Cassis, speaking to a news conference after the 30-minute talks with Biden in Geneva, said: “The trouble is it hasn’t been used enough, and why? Because there are transfers of funds that still require approval, and I think on this the U.S. is willing to accelerate their decisions so that this channel can be used to its full effect.”
Only a trickle of deals has gone through so far.
Neutral Switzerland has represented U.S. interests in Iran since the 1979 Islamic revolution, often serving as an intermediary for prisoner exchanges between the two foes.
Biden and Swiss President Guy Parmelin also discussed ongoing negotiations to revive a big power agreement on Iran’s nuclear programme that Washington ditched under former President Donald Trump, Cassis said.

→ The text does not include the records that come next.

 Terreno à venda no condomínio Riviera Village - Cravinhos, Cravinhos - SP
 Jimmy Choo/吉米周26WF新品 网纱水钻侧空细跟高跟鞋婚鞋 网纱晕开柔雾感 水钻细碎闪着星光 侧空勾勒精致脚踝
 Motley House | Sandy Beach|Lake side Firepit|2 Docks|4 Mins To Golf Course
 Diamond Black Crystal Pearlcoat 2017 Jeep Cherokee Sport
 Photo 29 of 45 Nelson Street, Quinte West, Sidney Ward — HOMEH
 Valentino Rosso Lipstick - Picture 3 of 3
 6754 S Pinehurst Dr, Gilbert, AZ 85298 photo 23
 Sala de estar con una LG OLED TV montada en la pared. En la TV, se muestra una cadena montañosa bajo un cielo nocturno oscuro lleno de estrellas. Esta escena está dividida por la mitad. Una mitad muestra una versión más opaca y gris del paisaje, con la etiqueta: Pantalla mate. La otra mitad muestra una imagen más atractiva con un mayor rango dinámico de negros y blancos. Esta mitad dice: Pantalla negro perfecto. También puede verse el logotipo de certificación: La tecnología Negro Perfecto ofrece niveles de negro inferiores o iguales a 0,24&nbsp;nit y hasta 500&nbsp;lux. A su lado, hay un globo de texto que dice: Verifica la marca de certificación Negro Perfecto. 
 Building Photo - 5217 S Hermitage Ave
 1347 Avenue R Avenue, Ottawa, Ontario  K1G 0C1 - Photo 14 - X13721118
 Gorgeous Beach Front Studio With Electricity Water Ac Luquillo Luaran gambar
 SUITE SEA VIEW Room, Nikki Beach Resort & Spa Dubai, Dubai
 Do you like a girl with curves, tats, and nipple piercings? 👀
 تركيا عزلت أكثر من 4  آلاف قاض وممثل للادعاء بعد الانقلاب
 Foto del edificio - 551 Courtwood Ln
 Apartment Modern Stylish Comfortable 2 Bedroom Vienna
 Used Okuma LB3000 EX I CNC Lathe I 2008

“We talked about this nuclear agreement, about the intention of the United States to do everything it can to move things forward,” he said.
“The situation is very difficult at the moment, you know that (presidential) elections will be held in Iran very soon and I think one should not have too high expectations.
“However it is clear that the intention of this American administration is to try to find a new path, which won’t be easy, because there has been a long history of feuds,” he added.
Geneva hosts the first summit between Biden and Russian President Vladimir Putin on Wednesday, including on nuclear security issues, with expectations low on both sides.
Russia is holding former U.S. marine Paul Whelan on an espionage conviction, and Trevor Reed, another former U.S. marine, for an alleged assault on a police officer. Both deny wrongdoing. Their families have pressed for their release ahead of the summit.
Asked whether Switzerland might use its good offices to facilitate a prisoner handover, Cassis said: “Switzerland is always ready to provide help for prisoner exchanges, especially for countries where it plays the role of a protecting power.”